Des inquiétudes sur "l'après-crise", sur les plans sanitaire, social, juridique et économique
L'autre grande difficulté à laquelle sont confrontés les employeurs de l'ESS est celle du manque d'équipements de protection sanitaire pour les personnels et les personnes accompagnées. Dans le contexte de pénurie global, "les employeurs sont demandeurs d’instructions précises, fiables dans le temps et claires de la part des pouvoirs publics", a écrit le président de l'Udes aux ministres des Solidarités et du Travail le 14 avril. Le courrier pointe "le risque d’une menace sur la poursuite de l’activité en raison des conséquences humaines, sociales, sociétales, assurantielles, judiciaires et financières induites" qu'aurait l'absence de directives claires. "Et sur l'après-crise, il faut absolument protéger les professionnels qui sont en première ligne", a insisté Hugues Vidor.

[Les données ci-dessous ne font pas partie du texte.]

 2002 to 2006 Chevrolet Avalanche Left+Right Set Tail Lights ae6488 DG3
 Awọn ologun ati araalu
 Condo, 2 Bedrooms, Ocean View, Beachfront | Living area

Au moment du redémarrage, "la facture va être lourde" pour les ESMS, a poursuivi le président de l'Udes, évoquant des dépenses nouvelles. À travers différentes enquêtes, l'Udes invite actuellement "l'ensemble des employeurs à préciser leur diagnostic et leur stratégie de reprise", pour adapter l'accompagnement aux différents secteurs. Sur la base de son enquête, le Mouvement associatif demande la mise en œuvre d'un fonds de soutien dédié aux associations, "en complémentarité des autres dispositifs, notamment régionaux, et [qui] interviendrait en soutien au fonctionnement pour des associations". Il propose par ailleurs d'autres mesures de soutien à activer dès 2020, ainsi que l'ouverture d'une discussion sur un "plan de relance post-crise". Pour le président de l'Udes, "l'ESS a toute sa place dans la sortie de crise, il est temps désormais de lui donner la place qui doit être la sienne dans l'économie du pays".
De son côté, le gouvernement a assuré, mardi, que toutes les subventions promises aux associations seraient versées. D'ici quelques jours, une circulaire "demandera à l'ensemble des ministères d'honorer les subventions quand bien même le projet n'aurait pu avoir été mené", a déclaré le secrétaire d'État Gabriel Attal, devant l'Assemblée nationale.

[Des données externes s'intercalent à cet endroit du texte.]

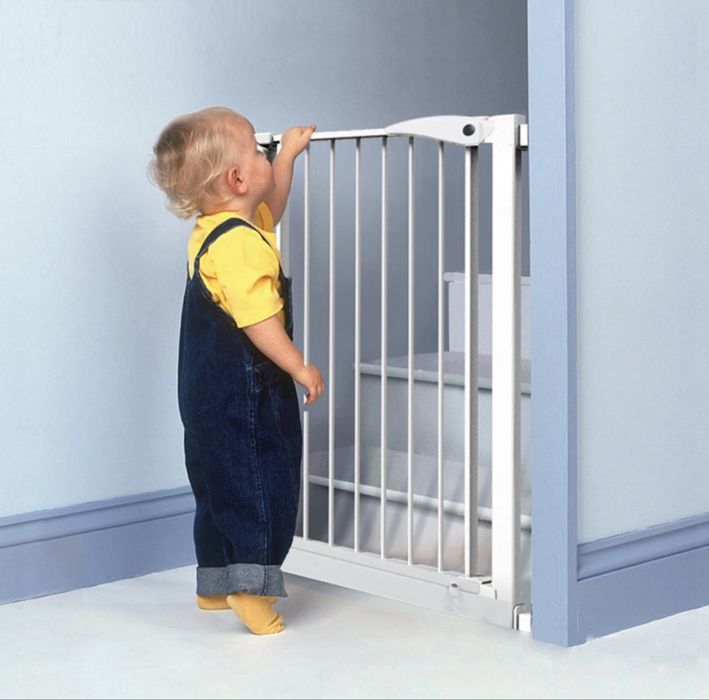 Ворота безопасности, защитный барьер для детей.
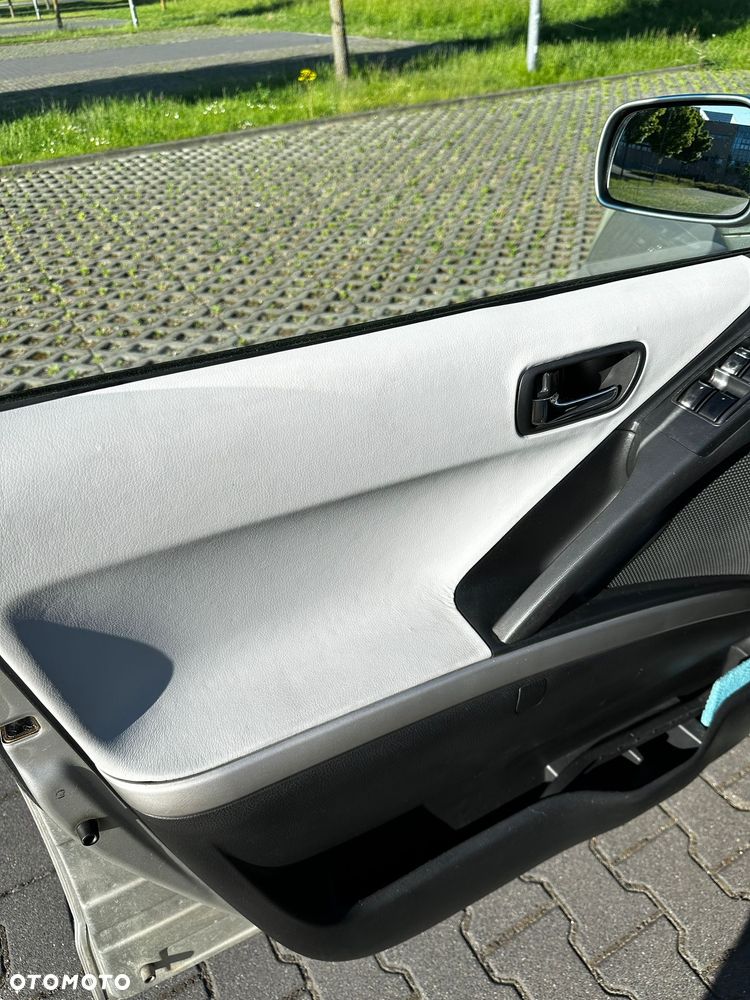 Toyota Corolla Verso 1.8 Prestige + 7os MM - 4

Un "dispositif de secours" pour les très petites entreprises de l'ESS
Christophe Itier, haut-commissaire à l'ESS et à l'innovation sociale, a lancé une aide d’urgence à destination des très petites entreprises de l'ESS (3 salariés et moins) directement menacées par les effets de la crise Covid-19. Doté initialement de 3 millions d'euros (1 million d'euros du haut-commissariat à l'ESS, 500.000 euros de BNP Paribas et 1,5 million d'euros d'accompagnement via le dispositif local d'accompagnement financé par l'État, la Banque des Territoires et les collectivités), ce dispositif permettra l'attribution d'une aide forfaitaire de l'ordre de 5.000 euros et la mise en place d'un plan de redressement avec le DLA. Les professionnels du DLA seront chargés d'identifier les petites structures en grande difficulté et le réseau France active activera le dispositif. Les grandes lignes de cette aide sont présentées dans la dernière mise à jour du document de synthèse des aides ESS élaboré par le haut-commissariat à l'ESS.